**TASK BRIEF**: Below are records; reproduce exactly the lines from the one that has "Switch lamp panel strip 12v 6a" through the one that has "Kipper oplegger Invepe", ends included, and nothing more.

**** SUPPLIED RECORDS ****

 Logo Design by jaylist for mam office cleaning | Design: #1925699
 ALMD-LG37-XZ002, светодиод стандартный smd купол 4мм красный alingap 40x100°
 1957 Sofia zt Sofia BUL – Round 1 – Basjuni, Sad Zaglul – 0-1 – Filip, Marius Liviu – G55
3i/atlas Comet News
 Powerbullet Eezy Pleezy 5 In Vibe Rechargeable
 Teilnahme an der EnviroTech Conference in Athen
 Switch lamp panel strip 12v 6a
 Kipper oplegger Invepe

****
**** SUPPLIED RECORDS ****

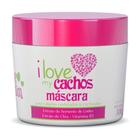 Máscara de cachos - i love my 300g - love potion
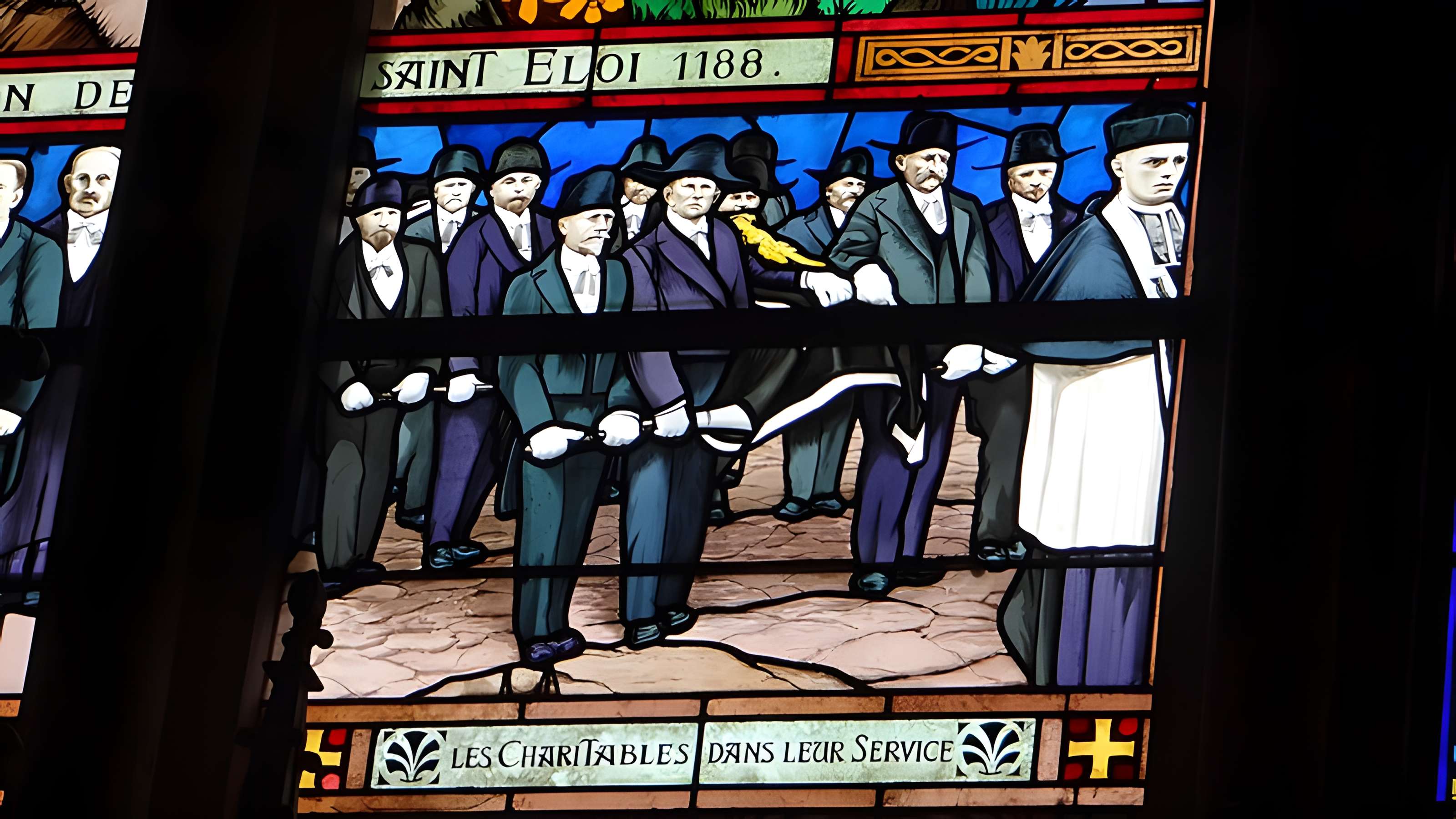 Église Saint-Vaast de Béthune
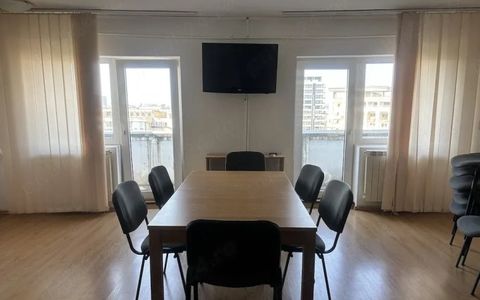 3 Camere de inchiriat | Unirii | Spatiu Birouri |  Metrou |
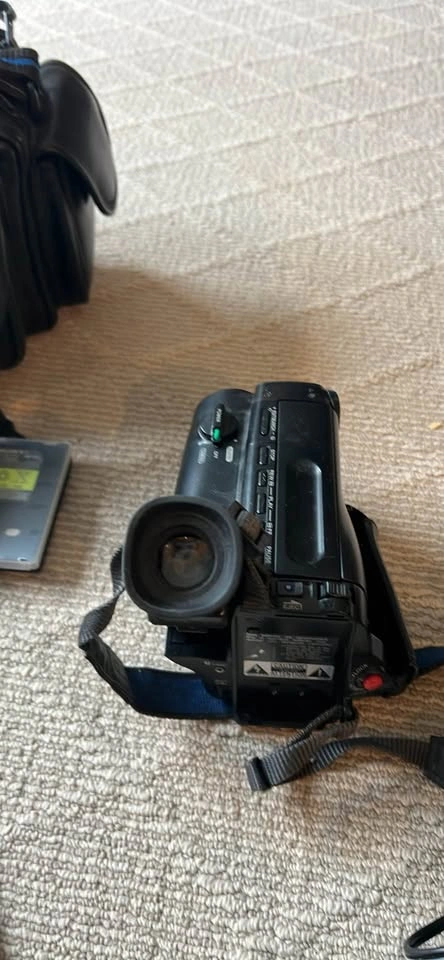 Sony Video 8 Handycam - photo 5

****

**OUTPUT BELOW**:
 Switch lamp panel strip 12v 6a
 Kipper oplegger Invepe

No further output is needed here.